Companies are doing a better job of disaster recovery than what they've done with business continuity, he adds, citing a lack of end-to-end scenarios that have been proven out. "We work with clients that have expressed the concern: How do I manage in a crisis going from disaster recovery to business continuity to almost crisis management?" he indicates.

All three are interrelated, so the question involves the maturity level of each of these functions. "Crisis management is not just technology," says Balakrishnan. "It's much more than that. How do you handle the media? How do you handle executive security? There are so many pieces to it; I think there is a lack of coordinated response."

ON BOARD

Holtzman contends public companies and larger mutual insurers have taken a more aggressive approach to business continuity and invested more money in their plans because of the push they have received from their board. "Over the last 18 months, we're seeing companies address business continuity in a more holistic fashion," he says. "I think people are taking steps in the right direction.

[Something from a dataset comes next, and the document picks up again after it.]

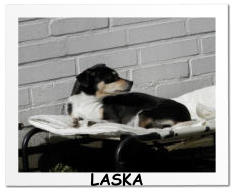 LASKA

It's the level of detail that is different. More aggressive companies have built an area within IT around business continuity and have tested their policies and procedures."

KPMG and Continuity Insights magazine publish an annual survey on business continuity management issues, and Emerson feels every year an increasing number of companies see the light and understand the threat they face or their fiduciary responsibility to their shareholders and clients, but not everyone is on board. "In a number of surveys that have occurred recently, you still have about 30 percent of companies that just haven't started anything, and maybe 40 to 50 percent that are much more mature," he says. "And then there is a whole range of organizations that are in the middle area."

Business continuity continues to filter down from the large companies to the midtier and smaller, Ross observes. "I think it's just recognition if you're not there for your customers or policyholders at any given point in time, the mobility of the marketplace is such that [customers] take their business someplace else," he says. "It's very difficult in a 24/7/365 news cycle to say, 'We had a problem, but we fixed it.' It wasn't that long ago it was commonplace for insurance companies, particularly life insurance, to have the ability to withstand a five-day outage. That's no longer the case. Business tolerance for outage or data loss is much more tightly defined."